Task input:
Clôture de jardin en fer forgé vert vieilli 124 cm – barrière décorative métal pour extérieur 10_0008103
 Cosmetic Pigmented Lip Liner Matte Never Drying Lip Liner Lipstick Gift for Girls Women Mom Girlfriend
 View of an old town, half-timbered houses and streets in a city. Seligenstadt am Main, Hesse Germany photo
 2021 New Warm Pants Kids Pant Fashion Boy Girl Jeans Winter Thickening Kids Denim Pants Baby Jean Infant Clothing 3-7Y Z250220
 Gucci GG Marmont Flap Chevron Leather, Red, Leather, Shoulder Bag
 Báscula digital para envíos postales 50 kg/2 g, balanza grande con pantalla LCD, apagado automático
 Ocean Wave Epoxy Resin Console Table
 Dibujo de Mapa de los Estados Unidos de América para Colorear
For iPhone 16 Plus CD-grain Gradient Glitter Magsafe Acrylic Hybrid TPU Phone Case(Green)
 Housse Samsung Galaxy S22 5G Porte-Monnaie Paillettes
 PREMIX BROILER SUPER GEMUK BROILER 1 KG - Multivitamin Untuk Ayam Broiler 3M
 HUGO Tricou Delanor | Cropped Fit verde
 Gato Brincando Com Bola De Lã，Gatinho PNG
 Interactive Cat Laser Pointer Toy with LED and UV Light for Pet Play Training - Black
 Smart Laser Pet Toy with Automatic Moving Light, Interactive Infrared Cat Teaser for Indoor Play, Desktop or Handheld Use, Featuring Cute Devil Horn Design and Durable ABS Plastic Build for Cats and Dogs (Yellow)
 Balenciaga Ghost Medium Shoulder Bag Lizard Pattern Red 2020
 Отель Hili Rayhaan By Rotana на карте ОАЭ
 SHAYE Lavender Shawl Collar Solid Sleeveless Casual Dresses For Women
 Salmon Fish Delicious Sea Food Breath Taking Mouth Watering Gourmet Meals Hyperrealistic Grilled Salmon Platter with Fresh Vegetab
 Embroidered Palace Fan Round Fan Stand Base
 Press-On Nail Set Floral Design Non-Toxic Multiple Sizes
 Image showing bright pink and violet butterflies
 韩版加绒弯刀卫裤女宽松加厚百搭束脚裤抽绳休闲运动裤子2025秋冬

Work required:
Within the material above, the line with "Dibujo de Mapa" opens the range and the line with "Interactive Cat Laser" closes it; reproduce that range word for word.

Completed task:
 Dibujo de Mapa de los Estados Unidos de América para Colorear
For iPhone 16 Plus CD-grain Gradient Glitter Magsafe Acrylic Hybrid TPU Phone Case(Green)
 Housse Samsung Galaxy S22 5G Porte-Monnaie Paillettes
 PREMIX BROILER SUPER GEMUK BROILER 1 KG - Multivitamin Untuk Ayam Broiler 3M
 HUGO Tricou Delanor | Cropped Fit verde
 Gato Brincando Com Bola De Lã，Gatinho PNG
 Interactive Cat Laser Pointer Toy with LED and UV Light for Pet Play Training - Black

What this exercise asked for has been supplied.